Baginya, mesin sederhana itu bukan sekadar alat kerja, tapi jembatan hidup.
Setelah CFD usai sekitar pukul sepuluh pagi, Irwan pulang sebentar untuk beristirahat. Siang menjelang sore, ia kembali keluar, berkeliling kompleks atau perumahan di daerah Maros, Tanralili, bahkan sampai Moncongloe.
“Kadang saya keliling lagi jam dua atau jam tiga. Tergantung rezeki hari itu,” katanya.
Ia tak pernah tahu pasti berapa hasil yang dibawa pulang. Semua bergantung pada cuaca, jumlah pengunjung, dan nasib.
Di CFD Boulevard sendiri, Irwan tidak dikenakan biaya sewa tempat.
“Kalau yang di jalan besar, baru ada izin,” jelasnya. Tapi ia tetap menyisihkan sedikit rezeki untuk para petugas kebersihan. “Istilahnya bagi-bagi rezeki,” katanya. Ia paham, di balik keramaian, ada banyak orang kecil seperti dirinya yang juga berjuang mencari nafkah dari ruang yang sama.
Bantuan dari pemerintah? Ia menggeleng.
“Sering diambil datanya, KTP, kartu keluarga,” ucapnya.
“Tapi sampai sekarang belum pernah ada yang datang,” suaranya terdengar datar, tapi bukan tanpa nada kecewa.
“Kadang pilih kasih, saya ini cacat, tapi tak pernah dapat bantuan, padahal wajar kalau dibantu, kan?” Meskipun begitu, Irwan tak larut dalam keluh. Ia memilih sibuk menjaga keseimbangan antara bekerja dan istirahat. “Kalau malam pulang jam sepuluh, ya istirahat. Besok subuh jalan lagi. Semua demi anak-anak,” ujarnya.
Dalam hidupnya yang kini banyak dihabiskan di atas roda, waktu menjadi hal yang relatif. Siang dan malam bercampur, tapi semangatnya tak pernah padam.

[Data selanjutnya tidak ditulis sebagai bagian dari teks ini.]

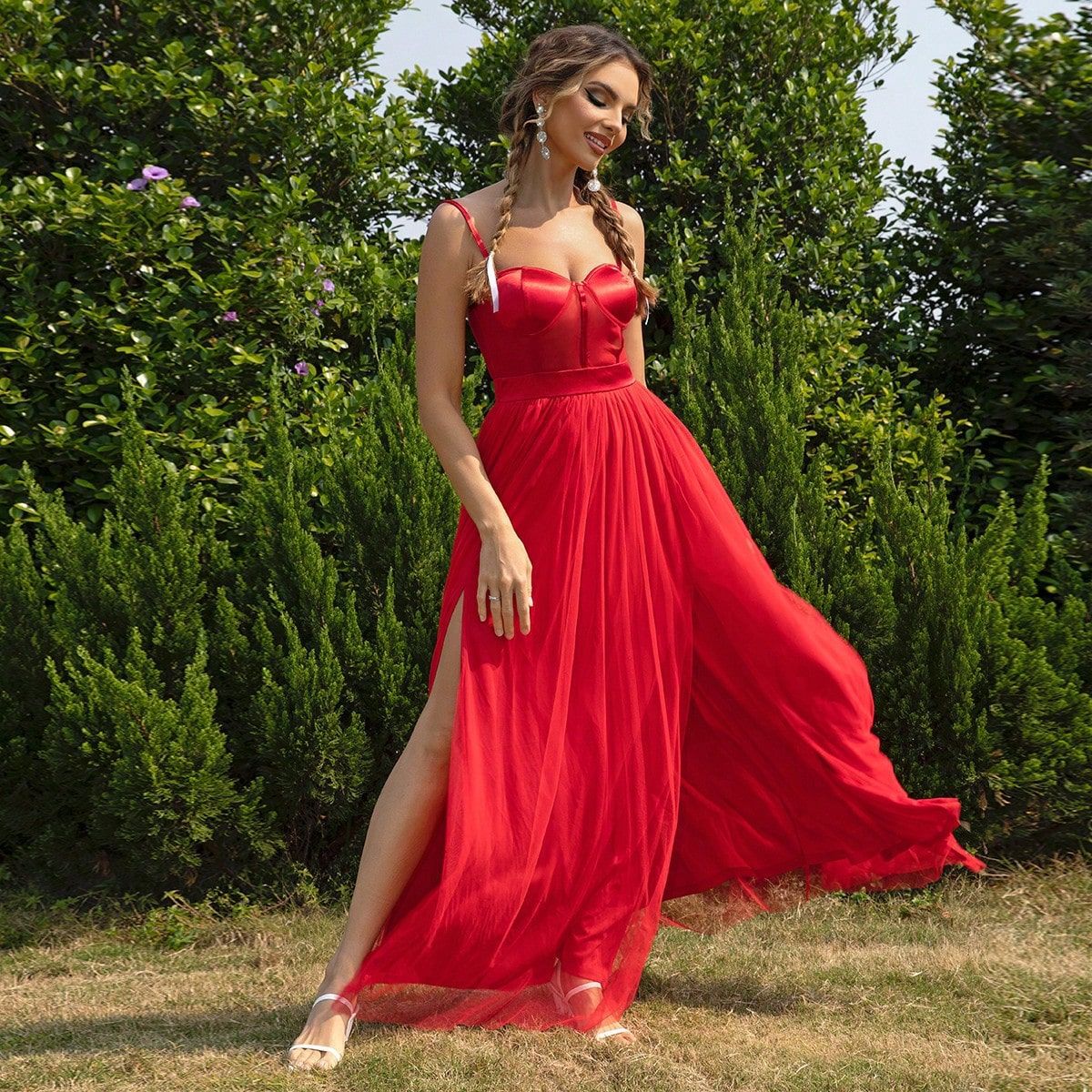 Women Contrast Color Mesh Slit Dress 17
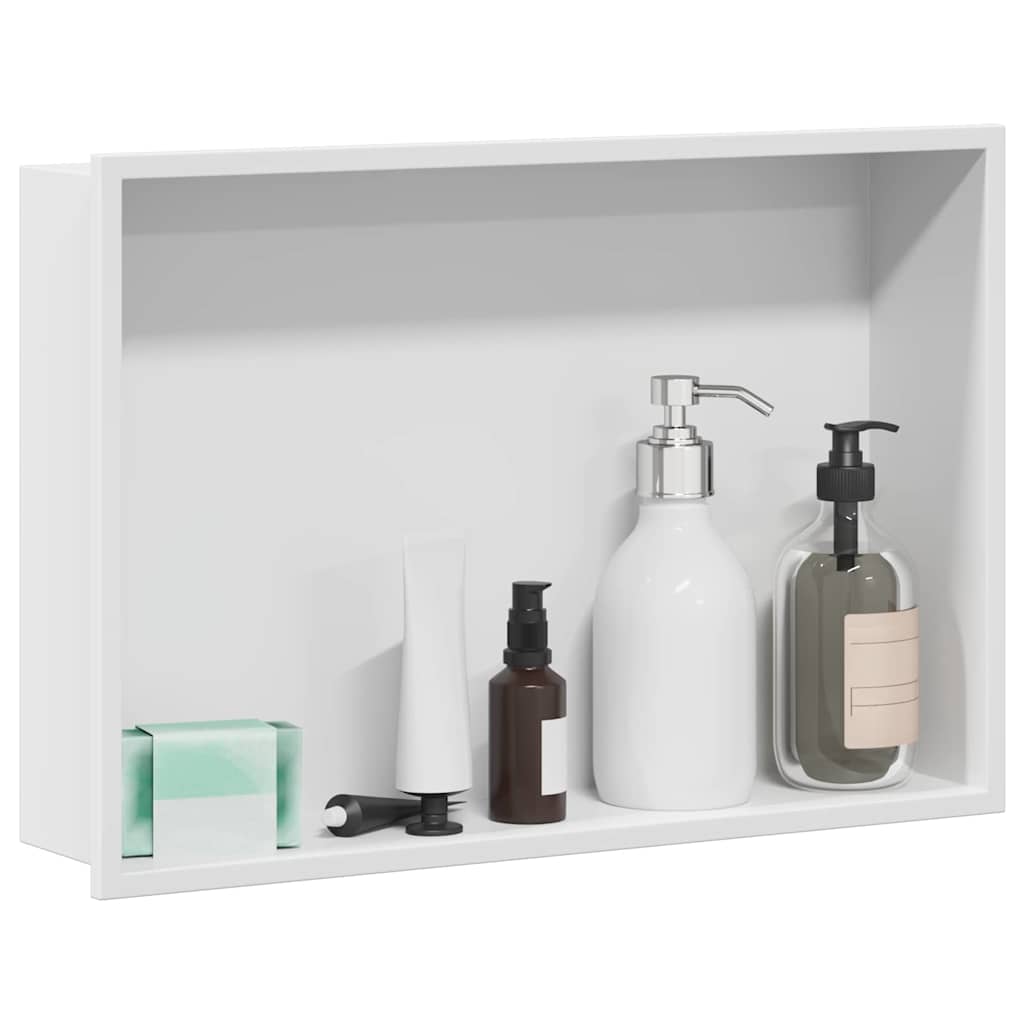 Douche Niche Wit 45 x 30 x 9,5 cm Roestvrij staal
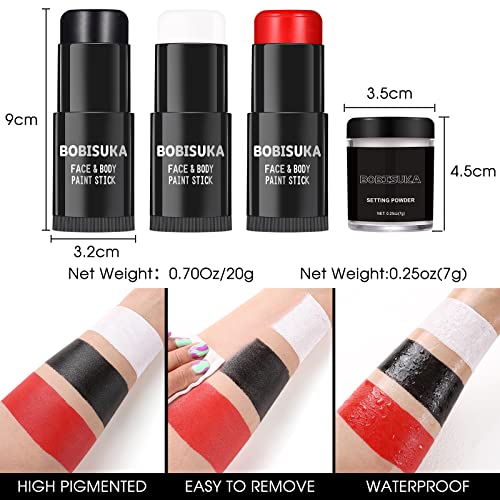Face Paint Stick Set with Setting Powder - Black, White, Red Clown Joker Skeleton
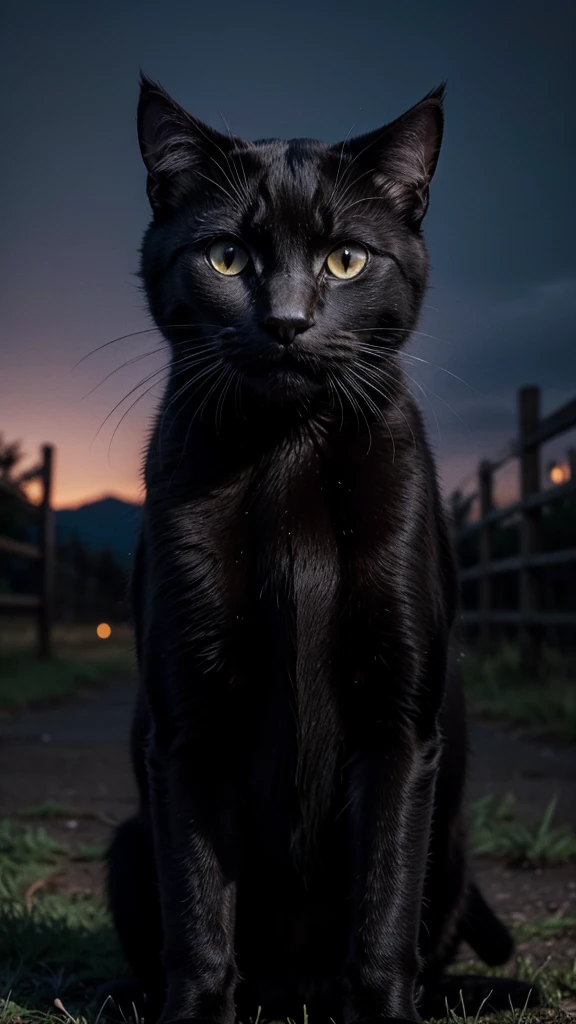 Spawns a black cat in a dark landscape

Di sela tawa anak-anak yang berputar di atas odong-odong, Irwan tampak ikut tersenyum. “Enaknya main sama anak-anak, rasanya kayak muda lagi,” katanya sambil tertawa kecil.
Ia tak peduli jika usia terus bertambah, selama musik anak-anak terus berbunyi, hidupnya terasa ringan. “Banyak yang tidak percaya kalau saya sudah lima puluhan,” tambahnya tertawa.
Senyum Irwan tak pernah lepas saat melihat anak-anak menaiki odong-odong
Bagi Irwan, kebahagiaan sederhana saja. “Bahagia itu kumpul sama keluarga,” ujarnya tanpa ragu. Di matanya, keluarga adalah tujuan akhir dari setiap putaran roda. Dan di tengah teriknya matahari Makassar, dengan keringat di pelipis dan kaki yang sesekali kaku, ia terus mendorong odong-odongnya perlahan seperti menolak berhenti.
Sebelum berpamitan, ia sempat menyampaikan satu pesan untuk pemerintah kota: “Tolonglah, diperhatikan orang yang di bawah. Jangan pilih-pilih, banyak yang lebih susah tapi malah tak kelihatan. Kami cuma mau hidup layak, tanpa harus kehilangan pekerjaan.”
Di Car Free Day Boulevard, roda-roda warna milik Irwan terus berputar. Lagu anak-anak terus bergema, menutupi derit logam tua dan napas lelah pemiliknya. Tapi di balik itu semua, ada kisah keteguhan seorang ayah yang menolak berhenti, meski jalannya sudah tak lagi sempurna. (*).